I owe several intellectual debts to Telos and Paul Piccone in particular. One was that, because it was never about academic career, it was always open to ideas and energy - within a certain intellectual tradition, to be sure - from young people outside the usual boxes. It was open to short pieces from me even as an undergraduate, and gave me a start in thinking about how to write intellectual pieces. Second, it gave me a vantage point from outside the Anglo-American analytic philosophy I had been doing to see that as an intellectual enterprise within a larger frame - it introduced me in a serious way to theory that went outside the confines of analytic philosophy, while analytic philosophy had the very important role of disciplining that thought and pointing out how frequently Continental philosophy got intellectually unmoored. It was a useful point-counter-point. Put another way, third, Telos introduced me to a discipline quite in low esteem within analytic philosophy - intellectual history. Philosophy as I understood it at UCLA was ahistorical - something like economics today - and existed as though free from all connections to the history of ideas. Telos took intellectual history very seriously and helped give me a frame in which to understand the "moment" that gave us Anglo-American analytic philosophy - not to mention a certain class analysis on its pretensions. Fourth, Telos gave me - a rather shy and not very confrontational scholarly type - a place to be able to freely argue politics and positions without pre-conceived outcomes. This led many in Telos to much more conservative positions than would have been conceived in its 1968 New Left days (when I was a child and not around for it) but it was a journal that was utterly alien to the idea of political correctness, which was a big reason why people like Paul had not survived in the academy - too blunt, to impolitic. Paul could be brutal, but he was always honest. Where in the academy do you find that?

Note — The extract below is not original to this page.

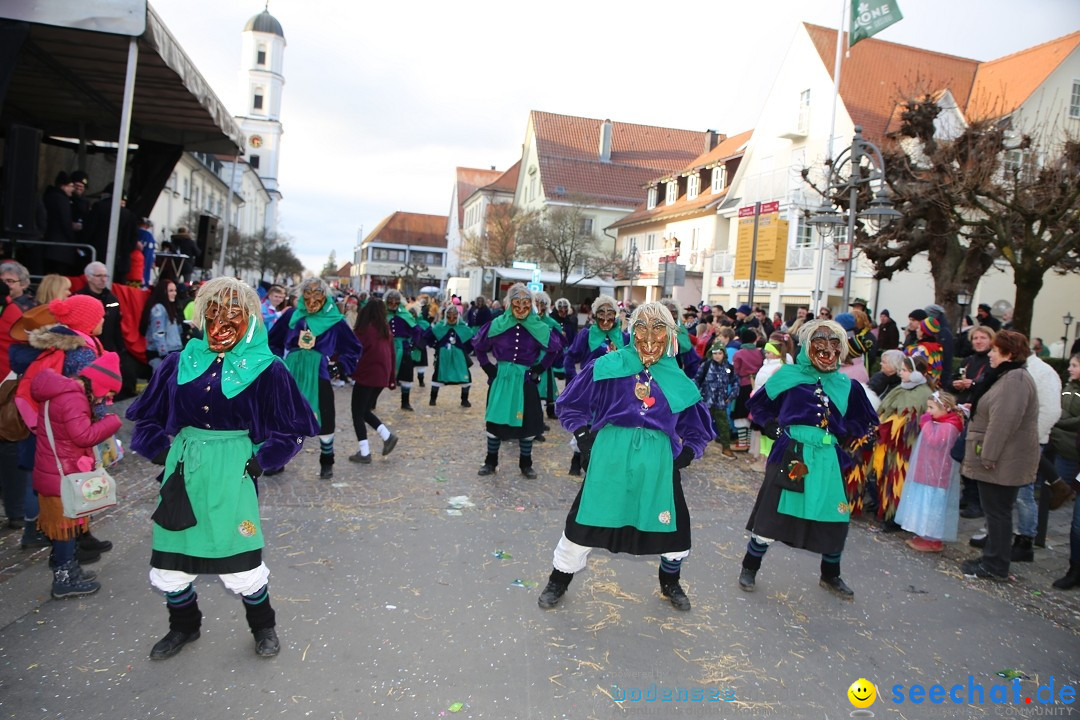 Grosser Narrensprung: Langenargen am Bodensee, 19.01.2020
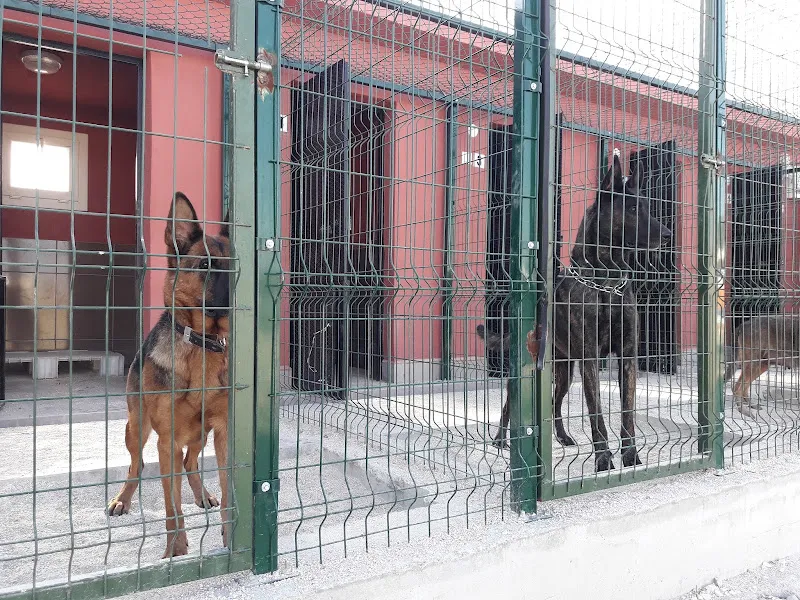 Kem Dog Köpek Eğitim Ve Konaklama foto 1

So it is with great pleasure and a sense of gratitude stretching back several decades that I look to get more heavily involved with Telos. I am interested in where critical theory is going, and of course no journal has a better grasp of that than Telos. No journal has a longer, deeper set of connections to this theory in Europe. So, if you are theoretically inclined, you should subscribe and read it, and get your institution to do the same. The physical copies are one of the great pleasures to have in an office library - I'm being shallow here - with decades and decades of bright, cheerful, insouciantly unacademic cover colors. And perhaps you should get involved - if you do critical theory, under a broad church label, drop a proposal to Russell Berman and see if he thinks it would fit within Telos's currently broad-church theorizing.

I myself am interested in doing a special little section, perhaps five short articles and a couple of comments on all of them taken together, on the subject of ... neutrality. Telos seems like a good place to take up the concept in critical theory, philosophy, law, politics, social theory, and history. What do you think? In any case, I plan to post monthly or bi-weekly short topical comments over at the Notes and Comments blog at Telos.